Pfizer Raises 2021 Vaccine Goal to 2.5 Billion Doses

Despite their effectiveness, vaccines like the one from Pfizer are not a “magic bullet.” They will not end the coronavirus pandemic single-handedly.

This is the lesson learned from a country that doesn’t often make the headlines – Chile.

The country got access to tens of millions of doses of Covid-19 vaccines. And its government has been inoculating its residents faster than any other country in the Americas. Over a third of its population has received at least one shot.

That’s why many thought Chile’s population was poised to be  among the first in the world to reach herd immunity.

However, the Chilean government made one crucial mistake. Since the vaccination drive was going so well, it reopened the country. That gave Chileans a false sense of security. Mask wearing, etc. was forgotten.

You can guess the rest. Chile is now experiencing a sharp spike in new infections, hospitalizations and deaths that is overloading its health care system.

The surge in cases prompted a new set of strict lockdown measures that will last for weeks. Chile’s nearly 14 million people now face restricted mobility again.
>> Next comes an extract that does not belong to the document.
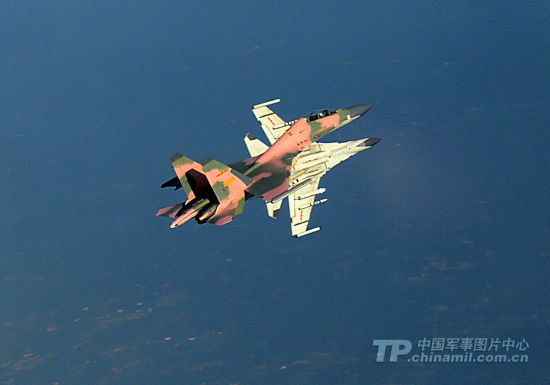 广空三代假想敌战机部队练穿越峡谷飞行等极限课目 广空三代假想敌战机部队练穿越峡谷飞行等极限课目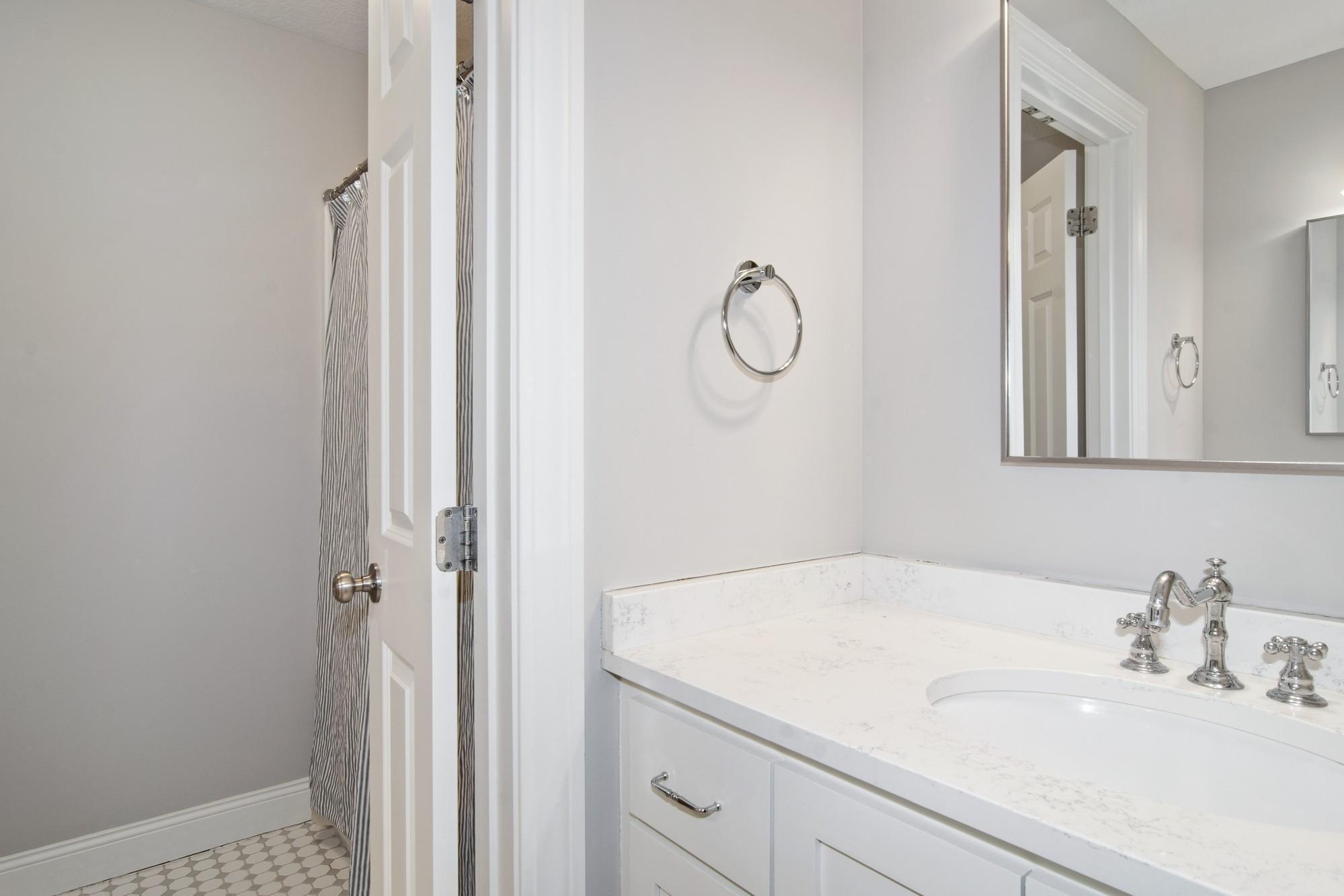 9655 Lakewood Circle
As quickly as the U.S. is also opening up, Chile may be offering a preview of what is coming. Let’s hope not. But it is why CDC director Rochelle Walensky said she had a feeling of “impending doom.”

The Big News

Pfizer, BioNTech Raise 2021 Vaccine Goal to 2.5 Billion Doses

BioNTech said Tuesday that it and Pfizer will boost manufacturing capacity of their Covid-19 vaccine to 2.5 billion doses by the end of 2021. Pfizer previously said the partners would likely produce between 2.3 billion and 2.4 billion doses in 2021. BioNTech also projected sales of nearly $11.7 billion from the vaccines this year.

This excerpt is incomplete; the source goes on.